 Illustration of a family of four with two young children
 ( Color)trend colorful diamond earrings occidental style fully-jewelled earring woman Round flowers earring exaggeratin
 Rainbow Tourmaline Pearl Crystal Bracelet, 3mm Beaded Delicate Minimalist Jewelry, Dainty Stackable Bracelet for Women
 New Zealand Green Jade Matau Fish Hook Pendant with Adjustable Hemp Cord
________________________________________
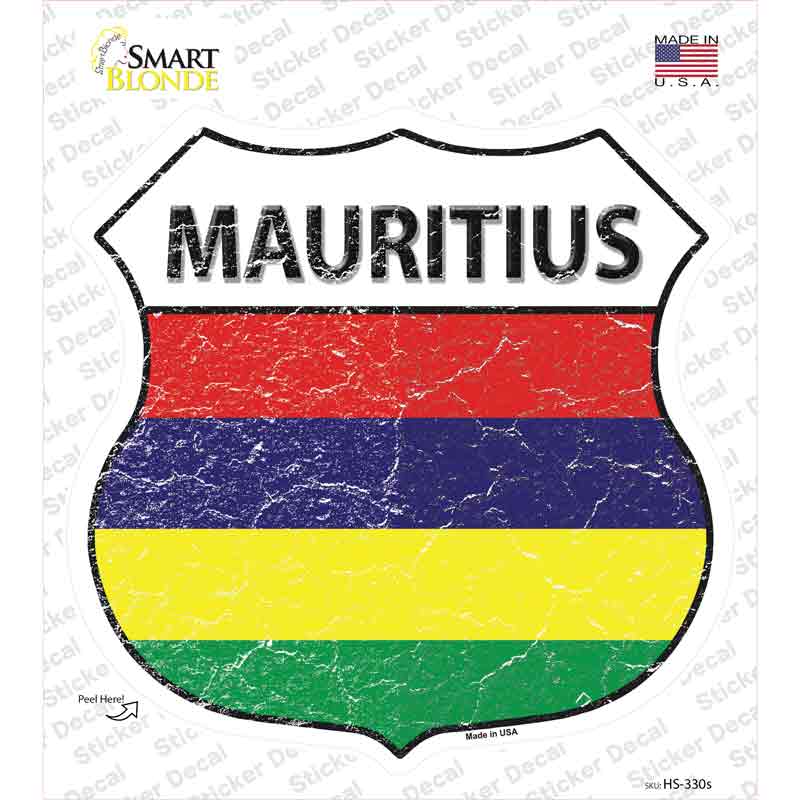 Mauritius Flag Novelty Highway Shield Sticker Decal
________________________________________
Problem details: From the listing above, the lines starting with the one that has "Illustration of a" and running through the one that has "New Zealand Green" should be copied exactly, ends included.

Solution:
 Illustration of a family of four with two young children
 ( Color)trend colorful diamond earrings occidental style fully-jewelled earring woman Round flowers earring exaggeratin
 Rainbow Tourmaline Pearl Crystal Bracelet, 3mm Beaded Delicate Minimalist Jewelry, Dainty Stackable Bracelet for Women
 New Zealand Green Jade Matau Fish Hook Pendant with Adjustable Hemp Cord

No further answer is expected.